» **Problem statement**
Provide an exact transcription of all the records.

-------------------------

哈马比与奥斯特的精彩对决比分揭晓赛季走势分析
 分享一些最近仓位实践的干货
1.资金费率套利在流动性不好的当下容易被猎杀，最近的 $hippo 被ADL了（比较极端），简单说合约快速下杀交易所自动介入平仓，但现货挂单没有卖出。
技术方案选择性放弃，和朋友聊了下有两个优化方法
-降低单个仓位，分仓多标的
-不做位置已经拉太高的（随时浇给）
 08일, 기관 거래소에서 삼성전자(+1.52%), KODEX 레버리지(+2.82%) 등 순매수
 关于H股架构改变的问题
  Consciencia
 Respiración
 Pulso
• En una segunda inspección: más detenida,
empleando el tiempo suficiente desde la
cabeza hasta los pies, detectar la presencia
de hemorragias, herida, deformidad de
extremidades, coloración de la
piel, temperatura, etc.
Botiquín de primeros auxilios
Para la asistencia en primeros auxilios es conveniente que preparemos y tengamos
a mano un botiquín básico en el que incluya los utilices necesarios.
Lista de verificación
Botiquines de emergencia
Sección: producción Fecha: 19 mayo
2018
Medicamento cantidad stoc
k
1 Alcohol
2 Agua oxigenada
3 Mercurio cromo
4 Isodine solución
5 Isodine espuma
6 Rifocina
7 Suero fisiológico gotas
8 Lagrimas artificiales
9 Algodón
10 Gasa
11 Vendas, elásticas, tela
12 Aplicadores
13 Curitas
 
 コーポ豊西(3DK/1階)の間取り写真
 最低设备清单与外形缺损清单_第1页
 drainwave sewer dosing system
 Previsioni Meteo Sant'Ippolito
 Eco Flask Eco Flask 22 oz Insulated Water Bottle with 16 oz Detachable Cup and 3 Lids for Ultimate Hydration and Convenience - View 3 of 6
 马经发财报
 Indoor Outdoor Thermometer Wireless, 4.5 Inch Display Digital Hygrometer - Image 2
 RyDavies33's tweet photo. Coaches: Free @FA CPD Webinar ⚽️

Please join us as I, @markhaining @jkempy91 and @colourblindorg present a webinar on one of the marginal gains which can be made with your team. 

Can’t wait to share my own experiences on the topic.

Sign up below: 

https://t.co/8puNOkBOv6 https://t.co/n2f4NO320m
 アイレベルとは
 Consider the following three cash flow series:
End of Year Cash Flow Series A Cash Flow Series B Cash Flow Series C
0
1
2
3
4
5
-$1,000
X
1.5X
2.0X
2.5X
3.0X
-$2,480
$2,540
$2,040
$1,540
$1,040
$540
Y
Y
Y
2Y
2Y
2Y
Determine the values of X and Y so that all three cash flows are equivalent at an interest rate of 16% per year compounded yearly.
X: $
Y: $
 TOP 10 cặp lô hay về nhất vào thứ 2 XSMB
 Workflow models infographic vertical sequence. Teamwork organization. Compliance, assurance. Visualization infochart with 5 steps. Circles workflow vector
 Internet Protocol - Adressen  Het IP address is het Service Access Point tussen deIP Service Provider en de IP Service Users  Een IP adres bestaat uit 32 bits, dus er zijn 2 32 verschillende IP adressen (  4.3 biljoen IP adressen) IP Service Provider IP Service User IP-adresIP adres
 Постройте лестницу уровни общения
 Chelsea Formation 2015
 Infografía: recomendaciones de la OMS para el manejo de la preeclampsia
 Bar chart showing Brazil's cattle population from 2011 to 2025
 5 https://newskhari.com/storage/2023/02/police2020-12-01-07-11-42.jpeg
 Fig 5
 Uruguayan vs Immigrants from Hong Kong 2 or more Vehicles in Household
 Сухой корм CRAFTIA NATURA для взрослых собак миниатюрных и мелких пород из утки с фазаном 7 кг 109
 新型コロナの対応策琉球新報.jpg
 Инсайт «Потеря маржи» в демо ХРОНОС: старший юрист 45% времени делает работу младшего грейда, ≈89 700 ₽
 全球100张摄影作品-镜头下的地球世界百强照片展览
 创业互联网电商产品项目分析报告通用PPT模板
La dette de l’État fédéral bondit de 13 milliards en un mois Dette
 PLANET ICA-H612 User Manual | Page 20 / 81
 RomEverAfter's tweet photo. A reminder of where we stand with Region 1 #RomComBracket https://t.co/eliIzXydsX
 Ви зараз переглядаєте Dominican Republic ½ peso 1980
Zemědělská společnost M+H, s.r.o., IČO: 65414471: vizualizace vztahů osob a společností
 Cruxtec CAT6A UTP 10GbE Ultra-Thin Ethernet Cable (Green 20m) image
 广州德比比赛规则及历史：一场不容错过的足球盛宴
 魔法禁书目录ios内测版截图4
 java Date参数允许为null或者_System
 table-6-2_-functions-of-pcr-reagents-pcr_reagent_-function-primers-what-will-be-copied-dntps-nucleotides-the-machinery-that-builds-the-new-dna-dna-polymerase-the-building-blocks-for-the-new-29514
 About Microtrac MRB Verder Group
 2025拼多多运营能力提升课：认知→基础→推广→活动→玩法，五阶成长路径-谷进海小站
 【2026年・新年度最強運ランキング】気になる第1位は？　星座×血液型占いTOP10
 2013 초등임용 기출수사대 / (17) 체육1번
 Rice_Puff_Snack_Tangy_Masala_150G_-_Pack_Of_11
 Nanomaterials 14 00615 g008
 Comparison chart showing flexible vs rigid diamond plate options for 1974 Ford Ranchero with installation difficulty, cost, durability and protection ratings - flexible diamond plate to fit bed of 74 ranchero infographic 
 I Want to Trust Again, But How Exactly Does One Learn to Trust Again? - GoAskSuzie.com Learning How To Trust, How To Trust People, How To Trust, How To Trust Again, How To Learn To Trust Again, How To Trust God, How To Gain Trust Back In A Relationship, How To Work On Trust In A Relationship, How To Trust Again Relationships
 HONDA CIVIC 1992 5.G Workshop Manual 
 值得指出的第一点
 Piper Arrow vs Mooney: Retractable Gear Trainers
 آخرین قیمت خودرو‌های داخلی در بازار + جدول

-------------------------

» **Finished task**
哈马比与奥斯特的精彩对决比分揭晓赛季走势分析
 分享一些最近仓位实践的干货
1.资金费率套利在流动性不好的当下容易被猎杀，最近的 $hippo 被ADL了（比较极端），简单说合约快速下杀交易所自动介入平仓，但现货挂单没有卖出。
技术方案选择性放弃，和朋友聊了下有两个优化方法
-降低单个仓位，分仓多标的
-不做位置已经拉太高的（随时浇给）
 08일, 기관 거래소에서 삼성전자(+1.52%), KODEX 레버리지(+2.82%) 등 순매수
 关于H股架构改变的问题
  Consciencia
 Respiración
 Pulso
• En una segunda inspección: más detenida,
empleando el tiempo suficiente desde la
cabeza hasta los pies, detectar la presencia
de hemorragias, herida, deformidad de
extremidades, coloración de la
piel, temperatura, etc.
Botiquín de primeros auxilios
Para la asistencia en primeros auxilios es conveniente que preparemos y tengamos
a mano un botiquín básico en el que incluya los utilices necesarios.
Lista de verificación
Botiquines de emergencia
Sección: producción Fecha: 19 mayo
2018
Medicamento cantidad stoc
k
1 Alcohol
2 Agua oxigenada
3 Mercurio cromo
4 Isodine solución
5 Isodine espuma
6 Rifocina
7 Suero fisiológico gotas
8 Lagrimas artificiales
9 Algodón
10 Gasa
11 Vendas, elásticas, tela
12 Aplicadores
13 Curitas
 
 コーポ豊西(3DK/1階)の間取り写真
 最低设备清单与外形缺损清单_第1页
 drainwave sewer dosing system
 Previsioni Meteo Sant'Ippolito
 Eco Flask Eco Flask 22 oz Insulated Water Bottle with 16 oz Detachable Cup and 3 Lids for Ultimate Hydration and Convenience - View 3 of 6
 马经发财报
 Indoor Outdoor Thermometer Wireless, 4.5 Inch Display Digital Hygrometer - Image 2
 RyDavies33's tweet photo. Coaches: Free @FA CPD Webinar ⚽️

Please join us as I, @markhaining @jkempy91 and @colourblindorg present a webinar on one of the marginal gains which can be made with your team. 

Can’t wait to share my own experiences on the topic.

Sign up below: 

https://t.co/8puNOkBOv6 https://t.co/n2f4NO320m
 アイレベルとは
 Consider the following three cash flow series:
End of Year Cash Flow Series A Cash Flow Series B Cash Flow Series C
0
1
2
3
4
5
-$1,000
X
1.5X
2.0X
2.5X
3.0X
-$2,480
$2,540
$2,040
$1,540
$1,040
$540
Y
Y
Y
2Y
2Y
2Y
Determine the values of X and Y so that all three cash flows are equivalent at an interest rate of 16% per year compounded yearly.
X: $
Y: $
 TOP 10 cặp lô hay về nhất vào thứ 2 XSMB
 Workflow models infographic vertical sequence. Teamwork organization. Compliance, assurance. Visualization infochart with 5 steps. Circles workflow vector
 Internet Protocol - Adressen  Het IP address is het Service Access Point tussen deIP Service Provider en de IP Service Users  Een IP adres bestaat uit 32 bits, dus er zijn 2 32 verschillende IP adressen (  4.3 biljoen IP adressen) IP Service Provider IP Service User IP-adresIP adres
 Постройте лестницу уровни общения
 Chelsea Formation 2015
 Infografía: recomendaciones de la OMS para el manejo de la preeclampsia
 Bar chart showing Brazil's cattle population from 2011 to 2025
 5 https://newskhari.com/storage/2023/02/police2020-12-01-07-11-42.jpeg
 Fig 5
 Uruguayan vs Immigrants from Hong Kong 2 or more Vehicles in Household
 Сухой корм CRAFTIA NATURA для взрослых собак миниатюрных и мелких пород из утки с фазаном 7 кг 109
 新型コロナの対応策琉球新報.jpg
 Инсайт «Потеря маржи» в демо ХРОНОС: старший юрист 45% времени делает работу младшего грейда, ≈89 700 ₽
 全球100张摄影作品-镜头下的地球世界百强照片展览
 创业互联网电商产品项目分析报告通用PPT模板
La dette de l’État fédéral bondit de 13 milliards en un mois Dette
 PLANET ICA-H612 User Manual | Page 20 / 81
 RomEverAfter's tweet photo. A reminder of where we stand with Region 1 #RomComBracket https://t.co/eliIzXydsX
 Ви зараз переглядаєте Dominican Republic ½ peso 1980
Zemědělská společnost M+H, s.r.o., IČO: 65414471: vizualizace vztahů osob a společností
 Cruxtec CAT6A UTP 10GbE Ultra-Thin Ethernet Cable (Green 20m) image
 广州德比比赛规则及历史：一场不容错过的足球盛宴
 魔法禁书目录ios内测版截图4
 java Date参数允许为null或者_System
 table-6-2_-functions-of-pcr-reagents-pcr_reagent_-function-primers-what-will-be-copied-dntps-nucleotides-the-machinery-that-builds-the-new-dna-dna-polymerase-the-building-blocks-for-the-new-29514
 About Microtrac MRB Verder Group
 2025拼多多运营能力提升课：认知→基础→推广→活动→玩法，五阶成长路径-谷进海小站
 【2026年・新年度最強運ランキング】気になる第1位は？　星座×血液型占いTOP10
 2013 초등임용 기출수사대 / (17) 체육1번
 Rice_Puff_Snack_Tangy_Masala_150G_-_Pack_Of_11
 Nanomaterials 14 00615 g008
 Comparison chart showing flexible vs rigid diamond plate options for 1974 Ford Ranchero with installation difficulty, cost, durability and protection ratings - flexible diamond plate to fit bed of 74 ranchero infographic 
 I Want to Trust Again, But How Exactly Does One Learn to Trust Again? - GoAskSuzie.com Learning How To Trust, How To Trust People, How To Trust, How To Trust Again, How To Learn To Trust Again, How To Trust God, How To Gain Trust Back In A Relationship, How To Work On Trust In A Relationship, How To Trust Again Relationships
 HONDA CIVIC 1992 5.G Workshop Manual 
 值得指出的第一点
 Piper Arrow vs Mooney: Retractable Gear Trainers
 آخرین قیمت خودرو‌های داخلی در بازار + جدول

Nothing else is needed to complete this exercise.